[Provided data Boundary: Start]

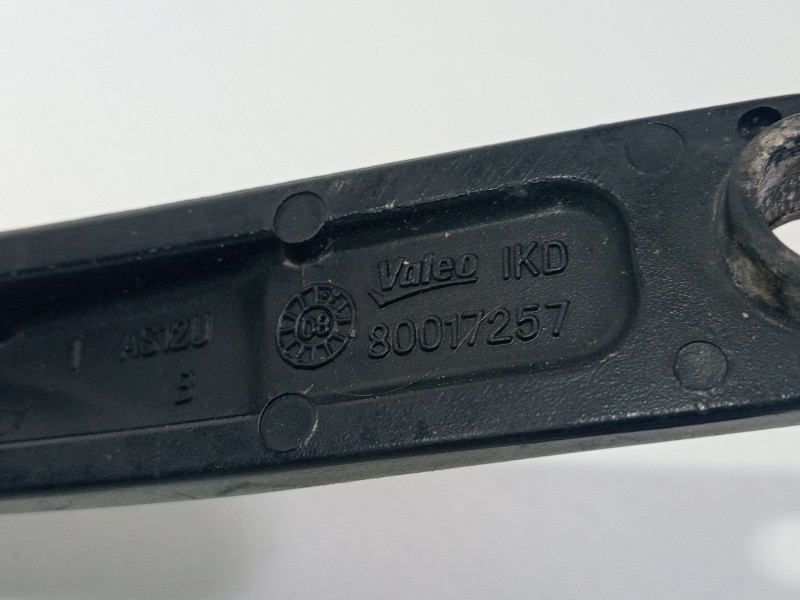 Recambio de brazo limpia delantero izquierdo para renault laguna grandtour iii 2009 referencia OEM IAM 80017257  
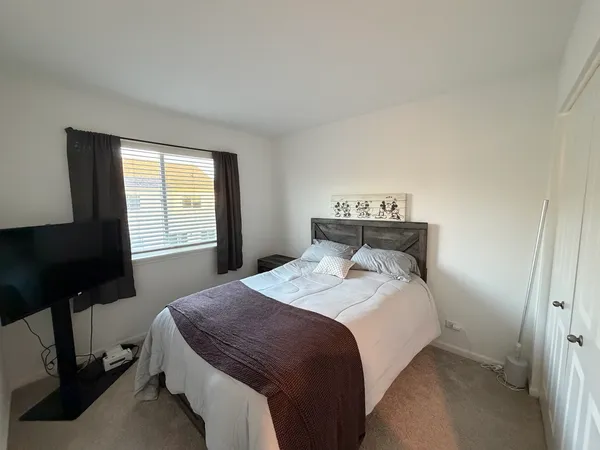 $2,995 | 235 Regency Court, Unit C, Wauconda, IL 60084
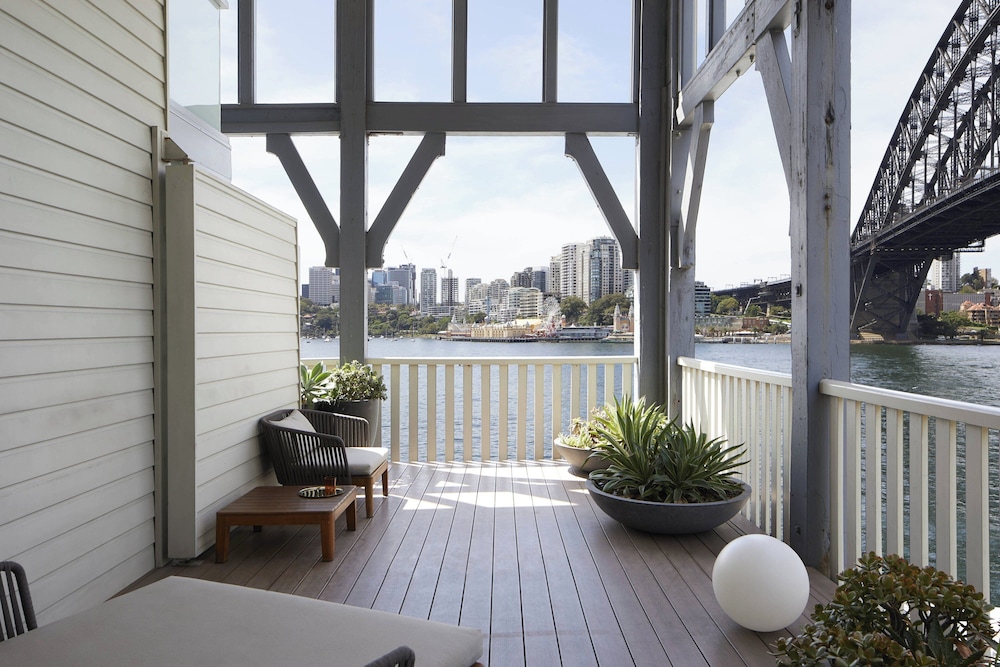 Suite, 1 King Bed, Balcony (Balcony) - Photo 7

[Provided data Boundary: End]

- What is needed -
It would help to have the listing above repeated exactly, with all images removed.

- Solution for this problem -
 Recambio de brazo limpia delantero izquierdo para renault laguna grandtour iii 2009 referencia OEM IAM 80017257  
 $2,995 | 235 Regency Court, Unit C, Wauconda, IL 60084
 Suite, 1 King Bed, Balcony (Balcony) - Photo 7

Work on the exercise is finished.